The VA acknowledged the change in an email to a veterans group called Disabled Vets of America after it raised the issue on behalf of patients who had reported significant delays in receiving medication from USPS in recent weeks amid a nationwide slowdown, according to a copy of the correspondence reviewed by CNN.

"The VA has now confirmed to us that the United States Postal Service (USPS), which is responsible for delivering about 90% of all VA mail order prescriptions, has indeed been delayed in delivering these critical medications by an average of almost 25% over the past year, with many locations experiencing much more significant delays," the group's national commander, Stephen Whitehead, said in a statement Monday.
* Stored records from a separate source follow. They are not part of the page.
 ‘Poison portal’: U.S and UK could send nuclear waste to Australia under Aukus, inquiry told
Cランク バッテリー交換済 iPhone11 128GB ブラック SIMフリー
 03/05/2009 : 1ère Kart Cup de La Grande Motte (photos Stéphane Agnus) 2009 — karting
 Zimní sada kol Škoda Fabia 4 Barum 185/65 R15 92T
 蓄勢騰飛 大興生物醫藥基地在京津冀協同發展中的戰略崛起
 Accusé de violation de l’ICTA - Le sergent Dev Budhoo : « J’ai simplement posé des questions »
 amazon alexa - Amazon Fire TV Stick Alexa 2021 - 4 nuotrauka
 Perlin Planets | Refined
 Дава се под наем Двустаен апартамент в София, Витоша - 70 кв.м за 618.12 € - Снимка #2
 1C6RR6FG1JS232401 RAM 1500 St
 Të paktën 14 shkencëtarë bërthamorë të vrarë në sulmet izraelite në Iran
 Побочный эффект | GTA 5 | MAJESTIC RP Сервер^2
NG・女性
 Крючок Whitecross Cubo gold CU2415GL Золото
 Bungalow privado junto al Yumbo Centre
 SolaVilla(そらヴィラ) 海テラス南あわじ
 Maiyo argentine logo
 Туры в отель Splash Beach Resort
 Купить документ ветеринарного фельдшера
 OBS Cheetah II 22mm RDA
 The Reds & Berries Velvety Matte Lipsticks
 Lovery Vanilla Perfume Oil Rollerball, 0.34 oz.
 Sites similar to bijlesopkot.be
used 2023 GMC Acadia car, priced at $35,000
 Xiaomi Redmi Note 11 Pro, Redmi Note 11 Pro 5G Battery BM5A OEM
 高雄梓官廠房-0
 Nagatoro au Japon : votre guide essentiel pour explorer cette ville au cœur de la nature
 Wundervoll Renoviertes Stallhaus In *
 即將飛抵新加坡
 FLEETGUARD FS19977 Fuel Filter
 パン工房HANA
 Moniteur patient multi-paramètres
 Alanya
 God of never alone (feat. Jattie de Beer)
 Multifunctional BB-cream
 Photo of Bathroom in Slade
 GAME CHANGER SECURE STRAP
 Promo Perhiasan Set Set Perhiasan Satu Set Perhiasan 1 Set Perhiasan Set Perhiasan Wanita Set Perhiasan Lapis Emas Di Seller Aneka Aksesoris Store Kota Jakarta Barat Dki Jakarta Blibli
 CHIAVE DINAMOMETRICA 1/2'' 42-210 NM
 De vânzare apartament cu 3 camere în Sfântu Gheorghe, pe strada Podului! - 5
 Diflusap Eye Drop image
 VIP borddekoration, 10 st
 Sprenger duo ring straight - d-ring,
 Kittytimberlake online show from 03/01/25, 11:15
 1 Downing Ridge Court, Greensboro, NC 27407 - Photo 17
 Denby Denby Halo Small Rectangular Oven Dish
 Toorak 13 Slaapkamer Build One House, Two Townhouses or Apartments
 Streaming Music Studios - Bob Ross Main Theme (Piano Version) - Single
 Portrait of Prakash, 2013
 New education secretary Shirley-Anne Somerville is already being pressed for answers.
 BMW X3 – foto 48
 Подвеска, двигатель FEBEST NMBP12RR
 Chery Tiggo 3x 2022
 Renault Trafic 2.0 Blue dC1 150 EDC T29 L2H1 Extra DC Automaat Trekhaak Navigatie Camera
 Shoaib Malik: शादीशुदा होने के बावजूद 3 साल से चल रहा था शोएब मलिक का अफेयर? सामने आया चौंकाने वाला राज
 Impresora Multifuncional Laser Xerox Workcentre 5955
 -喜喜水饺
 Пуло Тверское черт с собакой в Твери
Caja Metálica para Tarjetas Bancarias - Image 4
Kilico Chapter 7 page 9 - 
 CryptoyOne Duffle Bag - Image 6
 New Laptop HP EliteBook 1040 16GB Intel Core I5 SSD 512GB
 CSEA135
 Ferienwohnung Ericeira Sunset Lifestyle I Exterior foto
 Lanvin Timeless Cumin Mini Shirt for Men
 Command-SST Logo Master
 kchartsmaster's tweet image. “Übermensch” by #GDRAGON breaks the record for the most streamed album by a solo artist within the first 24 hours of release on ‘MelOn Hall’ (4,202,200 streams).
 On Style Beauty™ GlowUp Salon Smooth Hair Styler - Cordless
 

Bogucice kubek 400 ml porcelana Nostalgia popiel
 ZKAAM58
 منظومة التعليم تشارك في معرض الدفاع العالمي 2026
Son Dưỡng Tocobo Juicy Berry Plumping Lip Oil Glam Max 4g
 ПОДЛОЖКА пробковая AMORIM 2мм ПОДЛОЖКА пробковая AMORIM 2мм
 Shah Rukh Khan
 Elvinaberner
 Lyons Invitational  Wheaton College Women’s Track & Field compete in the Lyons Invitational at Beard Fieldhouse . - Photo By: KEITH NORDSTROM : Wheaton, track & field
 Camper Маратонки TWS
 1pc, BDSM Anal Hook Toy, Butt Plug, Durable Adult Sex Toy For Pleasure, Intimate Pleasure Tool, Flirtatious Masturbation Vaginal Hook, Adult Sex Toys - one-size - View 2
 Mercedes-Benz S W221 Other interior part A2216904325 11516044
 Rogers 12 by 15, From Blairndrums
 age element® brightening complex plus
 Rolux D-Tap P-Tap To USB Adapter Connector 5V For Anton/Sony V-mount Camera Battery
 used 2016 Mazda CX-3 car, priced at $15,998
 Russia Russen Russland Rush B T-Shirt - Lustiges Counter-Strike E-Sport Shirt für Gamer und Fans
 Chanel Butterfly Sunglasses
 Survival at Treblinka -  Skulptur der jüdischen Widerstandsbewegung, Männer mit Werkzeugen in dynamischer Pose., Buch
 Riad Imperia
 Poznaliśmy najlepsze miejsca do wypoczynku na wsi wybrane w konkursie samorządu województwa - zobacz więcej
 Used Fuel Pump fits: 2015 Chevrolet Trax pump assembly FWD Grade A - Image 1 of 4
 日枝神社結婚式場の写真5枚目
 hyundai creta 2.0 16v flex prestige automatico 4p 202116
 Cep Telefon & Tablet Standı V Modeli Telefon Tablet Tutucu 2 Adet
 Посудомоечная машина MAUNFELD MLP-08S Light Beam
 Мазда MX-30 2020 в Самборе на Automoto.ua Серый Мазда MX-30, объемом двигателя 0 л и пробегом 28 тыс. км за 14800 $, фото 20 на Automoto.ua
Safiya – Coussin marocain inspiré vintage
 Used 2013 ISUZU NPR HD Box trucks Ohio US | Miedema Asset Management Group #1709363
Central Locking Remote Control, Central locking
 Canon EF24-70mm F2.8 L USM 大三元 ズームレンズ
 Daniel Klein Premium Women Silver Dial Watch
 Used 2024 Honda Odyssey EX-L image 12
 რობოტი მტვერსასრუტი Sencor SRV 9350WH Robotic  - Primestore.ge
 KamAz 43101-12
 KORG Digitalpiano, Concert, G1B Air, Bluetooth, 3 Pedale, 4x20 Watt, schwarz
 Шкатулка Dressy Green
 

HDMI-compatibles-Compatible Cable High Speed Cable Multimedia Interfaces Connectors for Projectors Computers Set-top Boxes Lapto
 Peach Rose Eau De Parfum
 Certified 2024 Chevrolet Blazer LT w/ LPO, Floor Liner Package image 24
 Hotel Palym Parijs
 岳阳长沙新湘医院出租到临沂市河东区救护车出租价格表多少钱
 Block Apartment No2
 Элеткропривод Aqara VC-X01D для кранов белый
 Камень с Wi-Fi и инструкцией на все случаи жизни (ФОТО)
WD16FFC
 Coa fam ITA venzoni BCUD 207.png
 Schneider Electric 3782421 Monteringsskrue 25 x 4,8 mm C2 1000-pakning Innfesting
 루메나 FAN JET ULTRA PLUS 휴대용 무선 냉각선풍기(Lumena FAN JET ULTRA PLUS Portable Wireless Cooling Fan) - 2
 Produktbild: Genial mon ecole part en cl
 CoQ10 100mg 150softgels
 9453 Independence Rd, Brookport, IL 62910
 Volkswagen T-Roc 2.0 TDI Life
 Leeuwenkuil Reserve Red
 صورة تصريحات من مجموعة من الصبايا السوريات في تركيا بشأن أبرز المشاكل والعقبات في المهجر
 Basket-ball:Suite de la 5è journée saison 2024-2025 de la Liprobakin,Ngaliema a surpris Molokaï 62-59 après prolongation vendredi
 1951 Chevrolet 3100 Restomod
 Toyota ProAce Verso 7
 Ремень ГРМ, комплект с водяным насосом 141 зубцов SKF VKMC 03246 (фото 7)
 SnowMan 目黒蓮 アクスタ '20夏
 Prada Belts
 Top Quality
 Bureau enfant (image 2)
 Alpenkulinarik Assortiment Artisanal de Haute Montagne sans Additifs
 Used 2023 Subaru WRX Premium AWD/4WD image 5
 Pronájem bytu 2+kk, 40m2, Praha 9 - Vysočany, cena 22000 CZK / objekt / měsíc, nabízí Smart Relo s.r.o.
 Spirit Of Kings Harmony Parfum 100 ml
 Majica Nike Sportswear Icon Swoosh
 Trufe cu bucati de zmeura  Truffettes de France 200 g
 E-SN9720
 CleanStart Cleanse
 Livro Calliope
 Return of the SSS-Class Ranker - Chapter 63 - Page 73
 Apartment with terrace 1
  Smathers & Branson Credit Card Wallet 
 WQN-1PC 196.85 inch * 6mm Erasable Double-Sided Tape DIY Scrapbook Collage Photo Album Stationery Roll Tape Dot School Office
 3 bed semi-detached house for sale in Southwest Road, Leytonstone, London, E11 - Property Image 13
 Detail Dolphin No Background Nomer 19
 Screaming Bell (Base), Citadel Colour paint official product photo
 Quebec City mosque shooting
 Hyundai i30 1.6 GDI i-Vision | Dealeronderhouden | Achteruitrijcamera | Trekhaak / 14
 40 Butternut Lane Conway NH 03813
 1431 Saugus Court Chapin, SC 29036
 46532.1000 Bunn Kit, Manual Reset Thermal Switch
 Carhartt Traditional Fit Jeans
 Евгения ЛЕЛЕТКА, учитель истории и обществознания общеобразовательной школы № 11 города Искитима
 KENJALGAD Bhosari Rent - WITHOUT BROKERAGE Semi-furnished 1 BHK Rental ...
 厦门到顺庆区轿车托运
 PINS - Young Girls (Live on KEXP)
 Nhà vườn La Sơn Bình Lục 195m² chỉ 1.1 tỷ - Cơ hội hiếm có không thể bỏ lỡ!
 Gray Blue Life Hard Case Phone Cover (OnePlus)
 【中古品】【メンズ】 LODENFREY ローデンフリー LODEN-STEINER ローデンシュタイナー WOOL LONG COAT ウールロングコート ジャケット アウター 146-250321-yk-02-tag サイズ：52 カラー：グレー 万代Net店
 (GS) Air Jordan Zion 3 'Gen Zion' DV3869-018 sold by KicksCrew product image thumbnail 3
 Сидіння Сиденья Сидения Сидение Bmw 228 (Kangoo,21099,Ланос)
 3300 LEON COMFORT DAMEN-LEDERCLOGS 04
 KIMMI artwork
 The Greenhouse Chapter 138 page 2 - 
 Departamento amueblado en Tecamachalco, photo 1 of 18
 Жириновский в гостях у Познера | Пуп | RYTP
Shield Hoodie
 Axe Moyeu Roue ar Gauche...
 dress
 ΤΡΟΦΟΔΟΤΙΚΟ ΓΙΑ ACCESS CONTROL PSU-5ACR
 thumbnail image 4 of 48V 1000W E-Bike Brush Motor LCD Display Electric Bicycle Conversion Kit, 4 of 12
"To help mitigate these postal delays, the VA has been forced to switch to alternative delivery services in a number of areas across the country and is taking other actions to expedite processing and delivery of prescriptions," Whitehead added.

Those areas include Detroit, parts of New York and New Jersey, which were identified as hotspots with delivery delays, according to the VA email to veterans group, which was reviewed by CNN.

The VA "proactively converted from USPS to United Parcel Service (UPS) 2nd day air for those areas until service levels could be returned," the email says. The department also identified a "delivery service issue with UPS in the Arizona area and converted to Fed-Ex for roughly 5-weeks until service levels were restored with UPS," it adds.